From the age of eight onward, girls in Afghanistan were not allowed to be in direct contact with males other than a close "blood relative", husband, or in-law (see mahram). From 27 September 1996 to 17 December 2001, when the Taliban were in control of 90 percent of Afghanistan, it imposed the following restrictions on women:
- Women should not appear in public without a mahram.
- Women must wear a burqa in public.
- Women should not wear high-heeled shoes as no man should hear a woman's footsteps lest it might excite him.
- Women must not speak loudly in public as no stranger should hear a woman's voice.
- All street-level windows should be painted over or screened to prevent women from being visible from the street.
- Photographing, filming and displaying pictures of girls and women in newspapers, books, shops or the home was banned.
- The modification of any place names that included the word "women". For example, "women's garden" was renamed "spring garden".
- Women were forbidden to appear on the balconies of their apartments or houses.
- Ban on women's presence on radio, television or at public gatherings of any kind.
- Women were not allowed to wash the laundry at the river banks. If found, the woman was to be brought into the custody of a male guardian who was supposed to severely punish her.

===Mobility===
The Taliban rulings regarding public conduct placed severe restrictions on a woman's freedom of movement and created difficulties for those who could not afford a burqa (which was not commonly worn in Afghanistan prior to the rise of the Taliban and considered a fairly expensive garment at upwards of ) or did not have any mahram. These women faced virtual house arrest. In December 1998, a decree issued by the Ministry for the promotion of Virtue and prevention of Vice banned taxi drivers from transporting women who did not completely cover their faces. A woman who was badly beaten by the Taliban for walking the streets alone stated "my father was killed in battle ... I have no husband, no brother, no son. How am I to live if I can't go out alone?"

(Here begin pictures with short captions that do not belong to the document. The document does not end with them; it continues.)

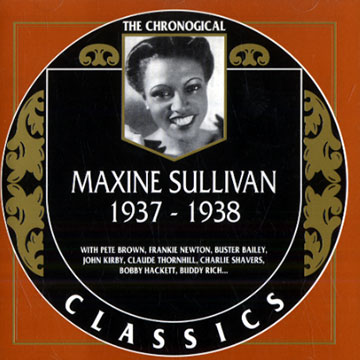 Maxine Sullivan 1937 - 1938,Maxine Sullivan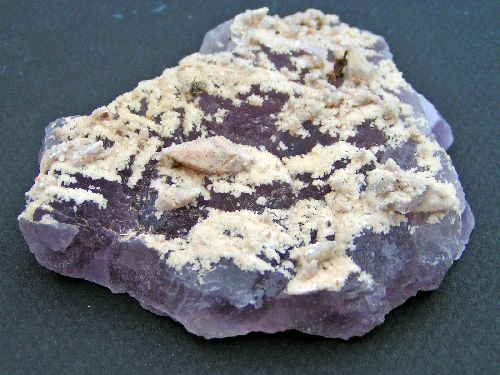 Calcite et Fluorite, mine de Fontsante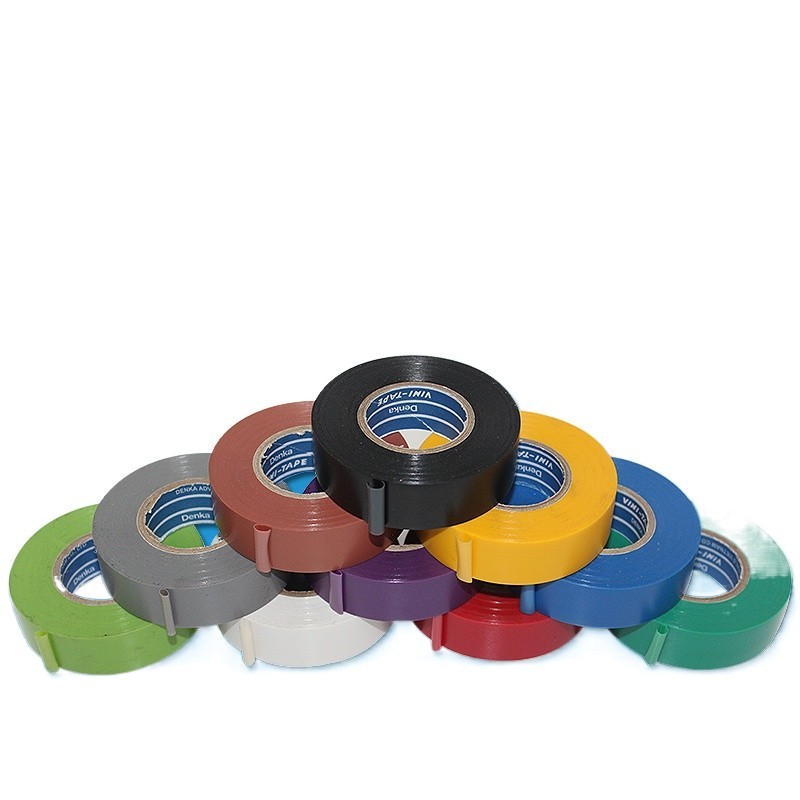 Japan Denka Imported Insulating Electrical Tape VINI-TAPE#234 Color ...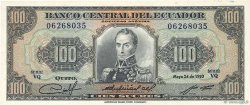 100 Sucres EKUADOR  1980 P.112a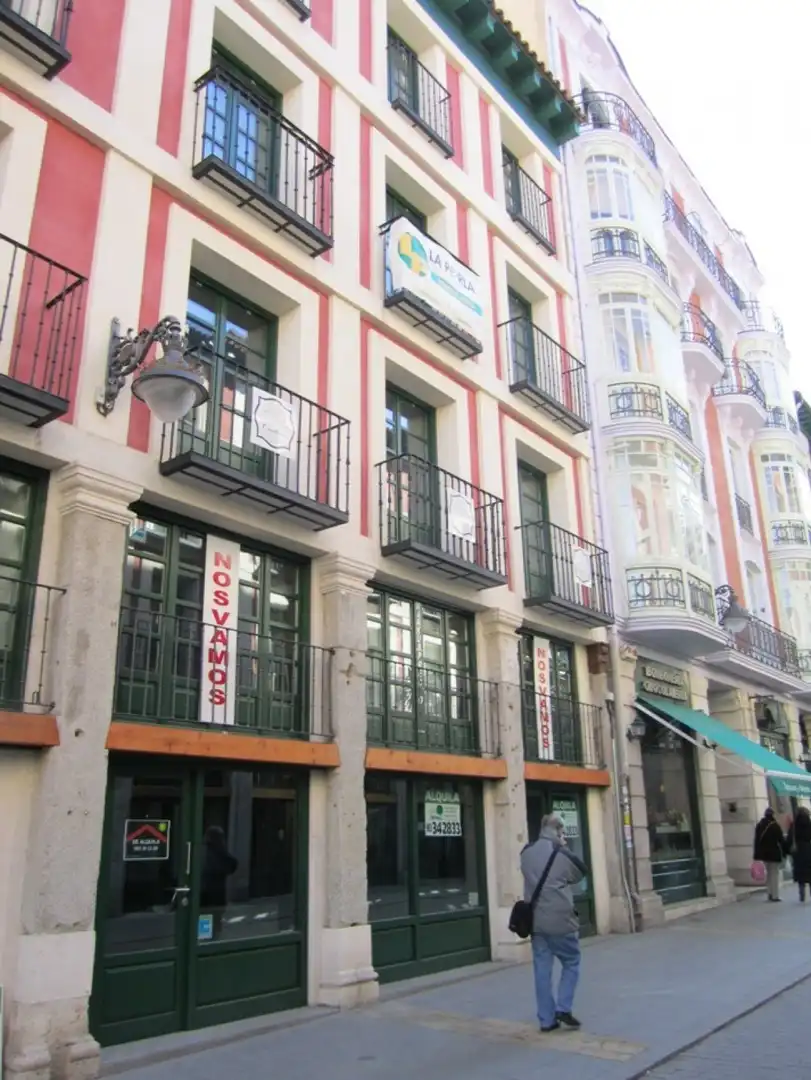 Exterior view of Apartments for rent in Valladolid  with Air Conditioner, Heating and Balcony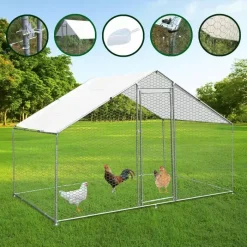MonsterShop Chicken Run 4m X 2m X 2m 11 MonsterShop Chicken Run 4m X 2m X 2m -Parasol Shop 25816 025 2nd.jpg.mst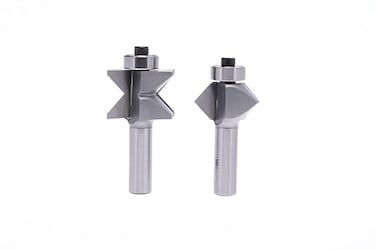 Whiteside Router Bits 3400 Edge Banding Set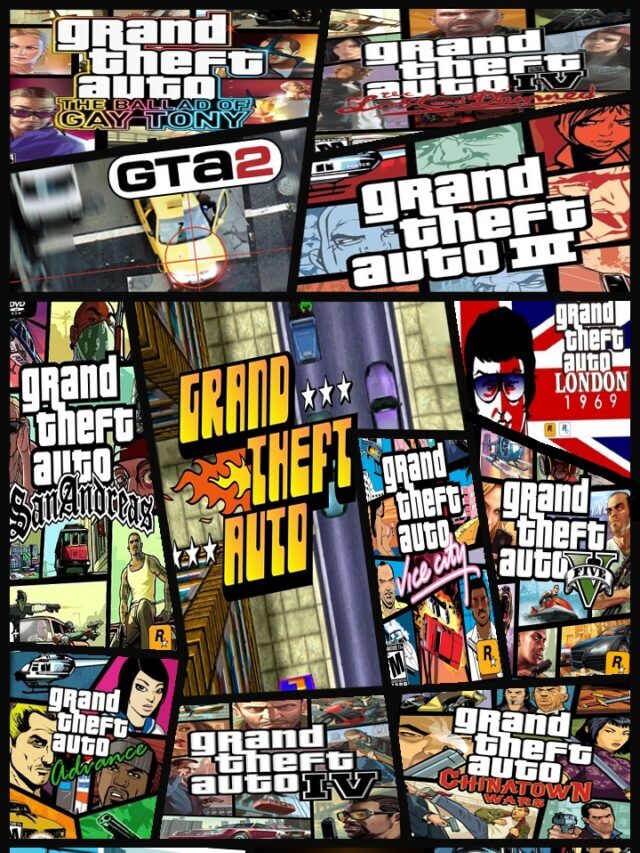 Best GTA Games for Gamers Ranked from Worst to Best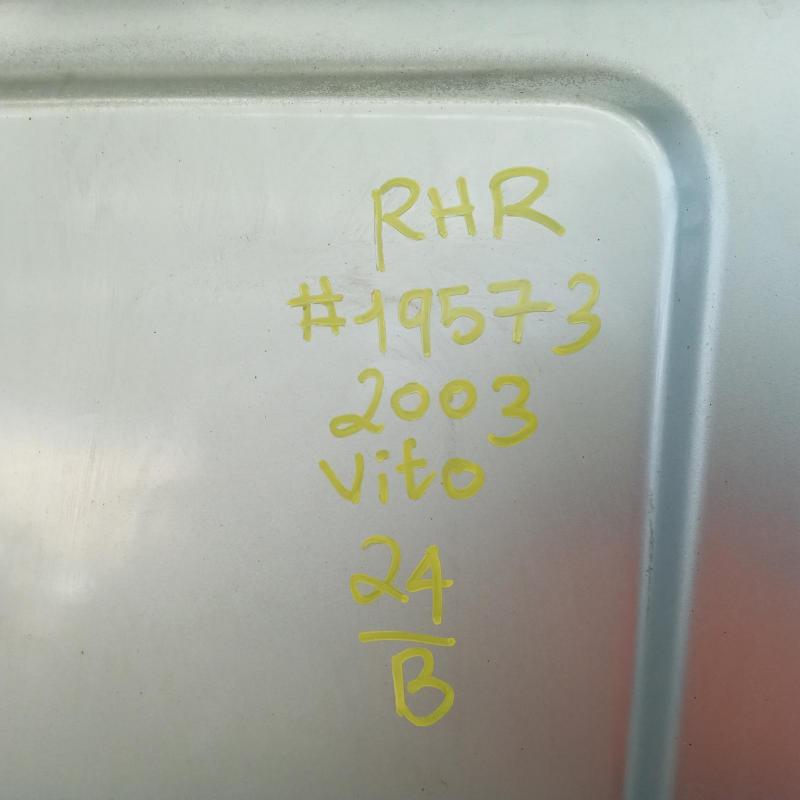 door/sliding rear right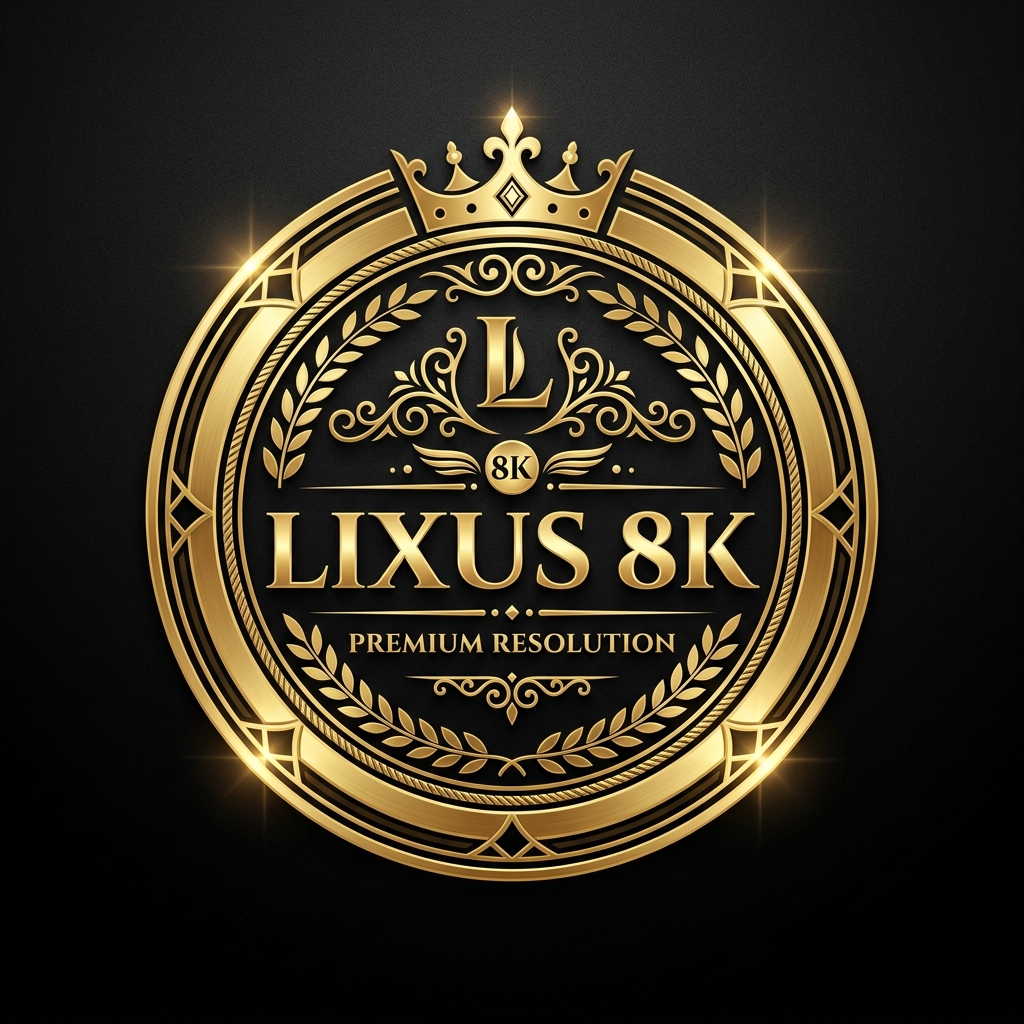 Lixus 8K Logo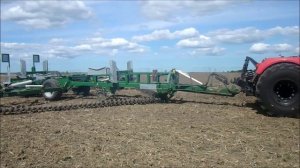 Кировец К 525Пр с лущильщиком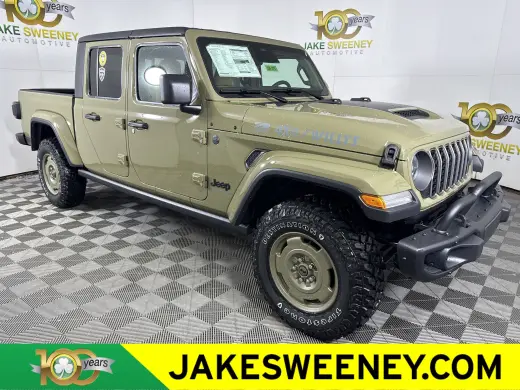 2026 Jeep Gladiator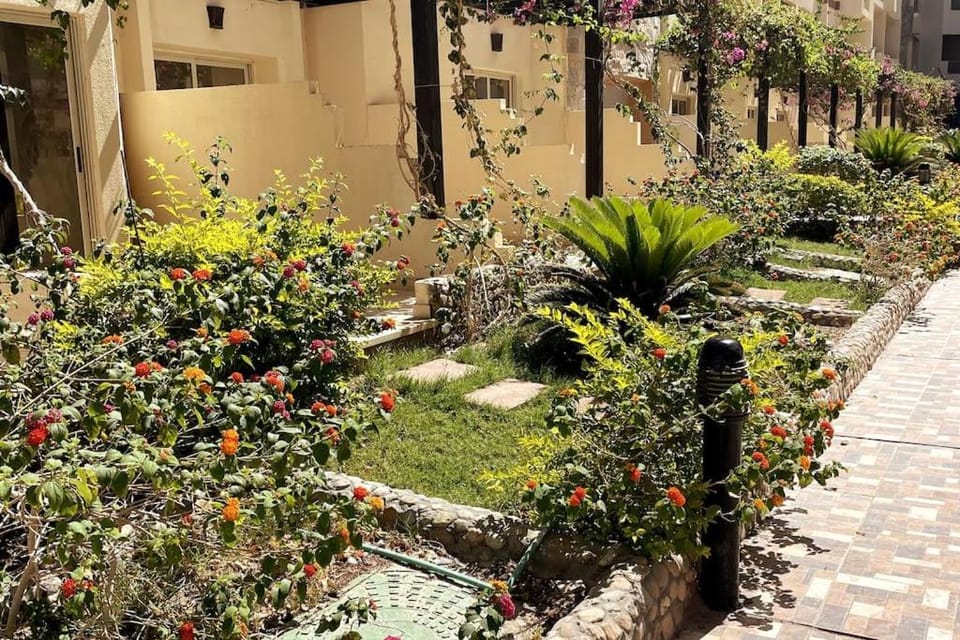 Florenza Khamsin - sea view / free Wi-Fi Apartment in Hurghada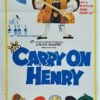 Carry On Henry Australian Daybill movie poster (57)
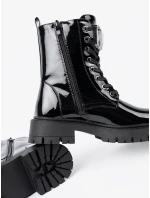 Pekné členkové topánky na platforme pre ženy Pekné členkové topánky na platforme pre ženy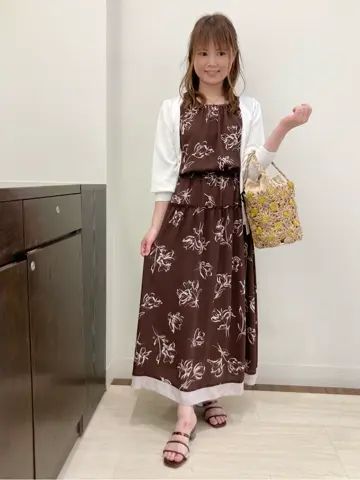 Feroux スタッフ コーディネート画像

A field worker for the NGO Terre des hommes witnessed the impact on female mobility at Kabul's largest state-run orphanage, Taskia Maskan. After the female staff were relieved of their duties, the approximately 400 girls living at the institution were locked inside for a year without being allowed outside for recreation.

Decrees that affected women's mobility were:
- Ban on women riding bicycles or motorcycles, even with their mahrams.
- Women were forbidden to ride in a taxi without a mahram.
- Segregated bus services introduced to prevent males and females travelling on the same bus.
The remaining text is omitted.